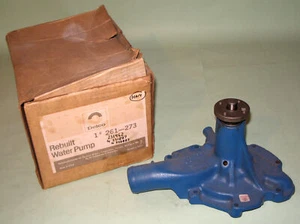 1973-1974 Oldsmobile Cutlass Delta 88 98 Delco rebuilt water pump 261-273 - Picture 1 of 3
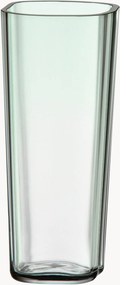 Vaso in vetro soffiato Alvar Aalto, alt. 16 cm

◇ ◇ ◇ ◇ ◇

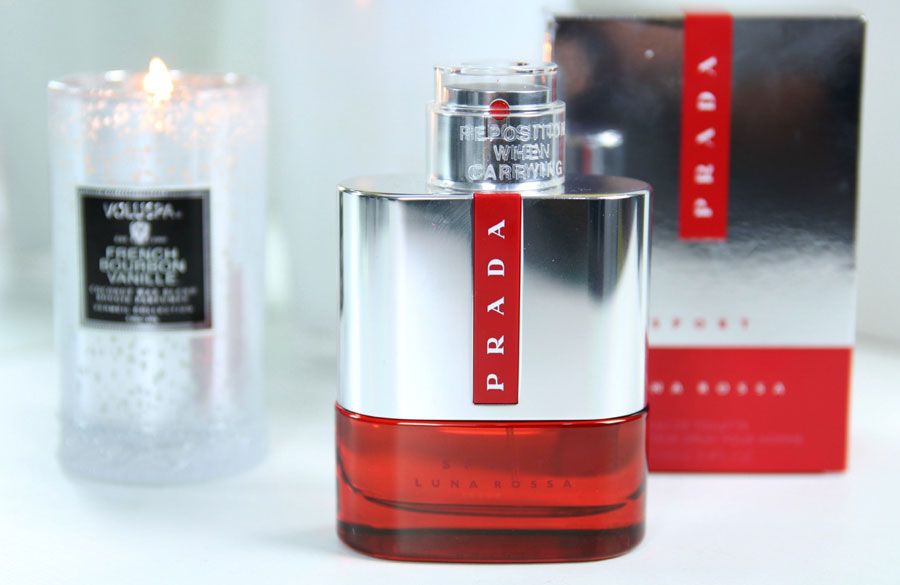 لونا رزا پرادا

◇ ◇ ◇ ◇ ◇

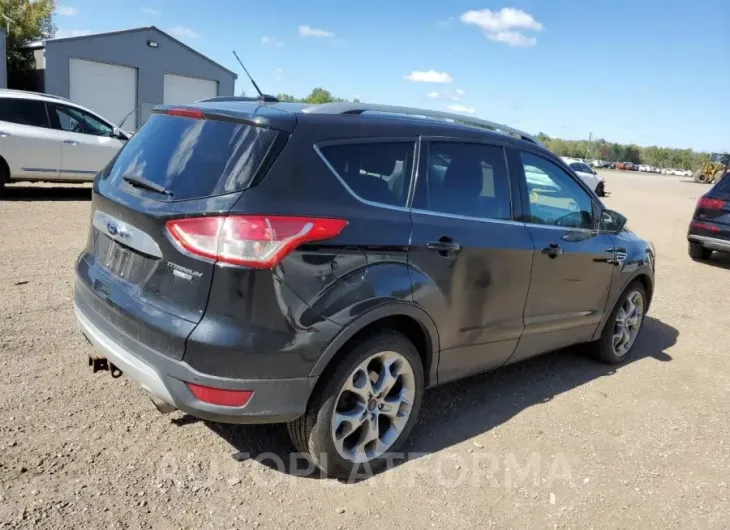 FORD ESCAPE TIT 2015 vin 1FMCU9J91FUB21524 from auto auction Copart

◇ ◇ ◇ ◇ ◇

Out of the records above, please copy exactly the lines from the line with "1973-1974 Oldsmobile Cutlass" up to and including the line with "Vaso in vetro", minus the pictures.

● Written solution
 1973-1974 Oldsmobile Cutlass Delta 88 98 Delco rebuilt water pump 261-273 - Picture 1 of 3
 Vaso in vetro soffiato Alvar Aalto, alt. 16 cm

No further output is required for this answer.